▶ _TASK REQUIREMENTS_
From the line that includes "Gabriela Hearst - +" to the last line of the records that follow, copy every line exactly and nothing more, omitting pictures.

▶ _EXERCISE DATA_
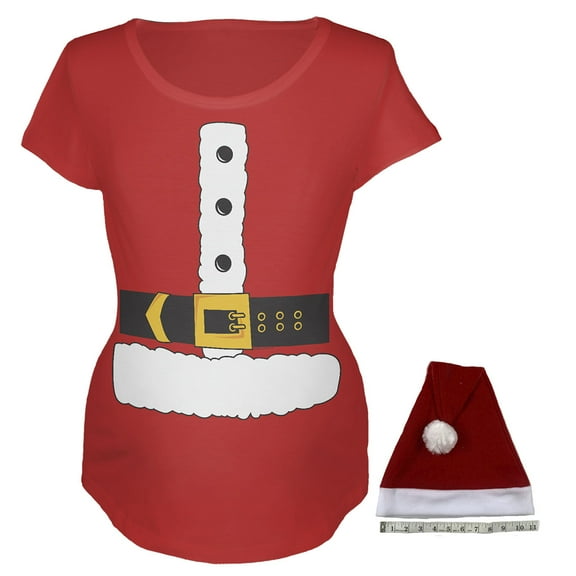 Christmas Costume Santa Claus Womens Maternity Costume T Shirt with Santa Party Hat Headband
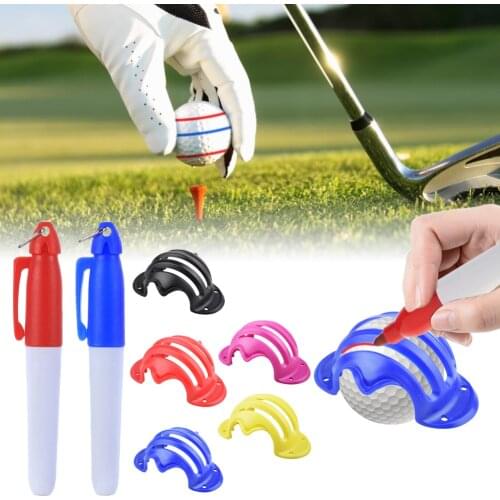 Golf Ball 3-Line Marker Drawing Stencil Alignment Liner with 2Pcs Marker Pens Golf Ball Triple Track Marker Golf Accessories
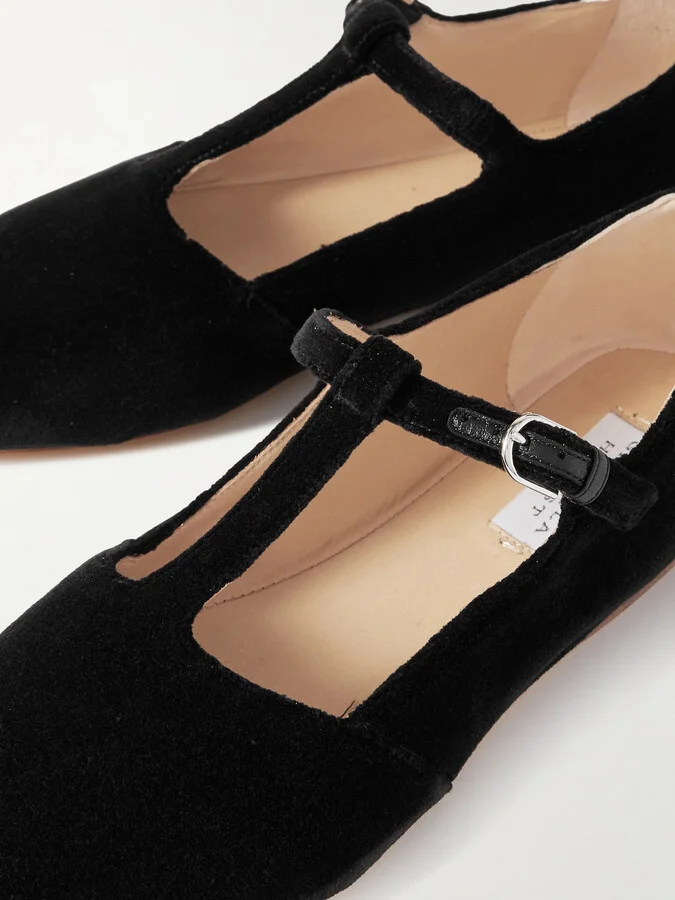Gabriela Hearst - + Net Sustain Lola Ballerina Organic Cotton-velvet Mary Jane Point-toe Flats - Black - Image 4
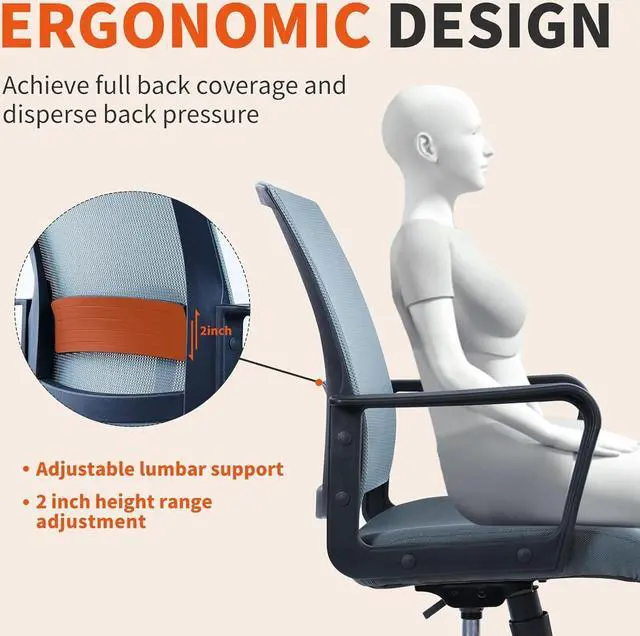 Alt view image 6 of 7 - CLATINA Ergonomic Office Desk Chair - Mesh Office Chair with Adjustable Lumbar Support, Rolling Comfortable Computer Task Chairs with Arms for Home Conference-Gray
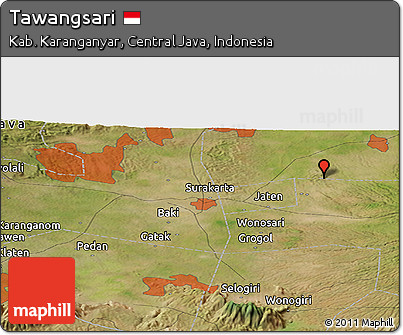 Satellite Panoramic Map of Tawangsari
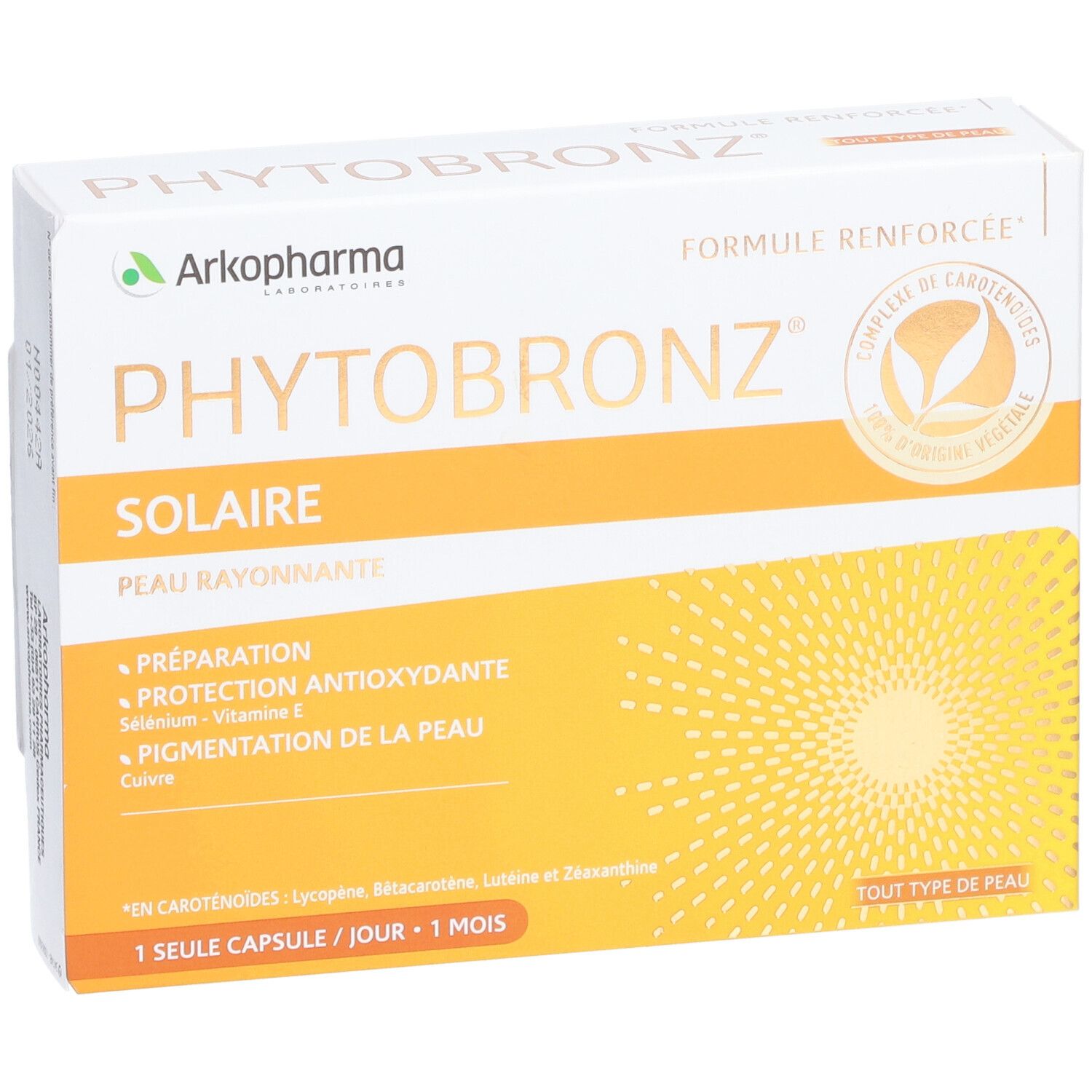 Boîte Arkopharma Phytobronz. Fond jaune avec motif solaire. Logo et nom du produit. Texte: 'Préparation, Protection'.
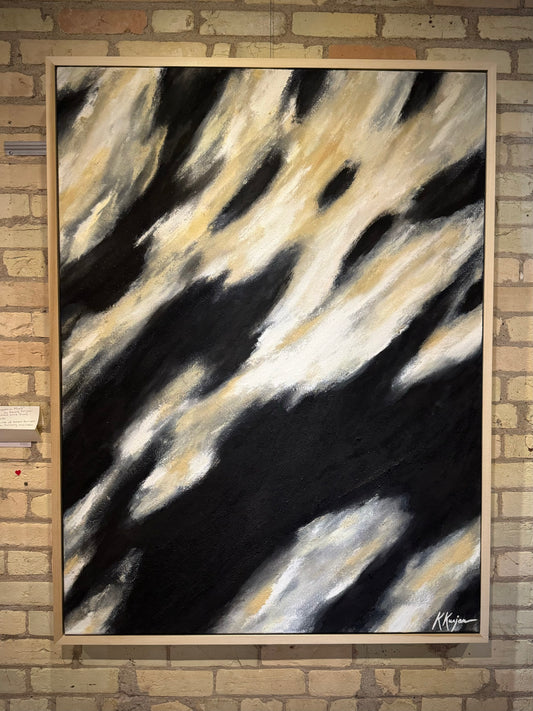 “Nomadic Mind”- Original Abstract with custom wood frame by Kristy Kurjan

▶ _REPLY TO THE EXERCISE_
Gabriela Hearst - + Net Sustain Lola Ballerina Organic Cotton-velvet Mary Jane Point-toe Flats - Black - Image 4
 Alt view image 6 of 7 - CLATINA Ergonomic Office Desk Chair - Mesh Office Chair with Adjustable Lumbar Support, Rolling Comfortable Computer Task Chairs with Arms for Home Conference-Gray
 Satellite Panoramic Map of Tawangsari
 Boîte Arkopharma Phytobronz. Fond jaune avec motif solaire. Logo et nom du produit. Texte: 'Préparation, Protection'.
 “Nomadic Mind”- Original Abstract with custom wood frame by Kristy Kurjan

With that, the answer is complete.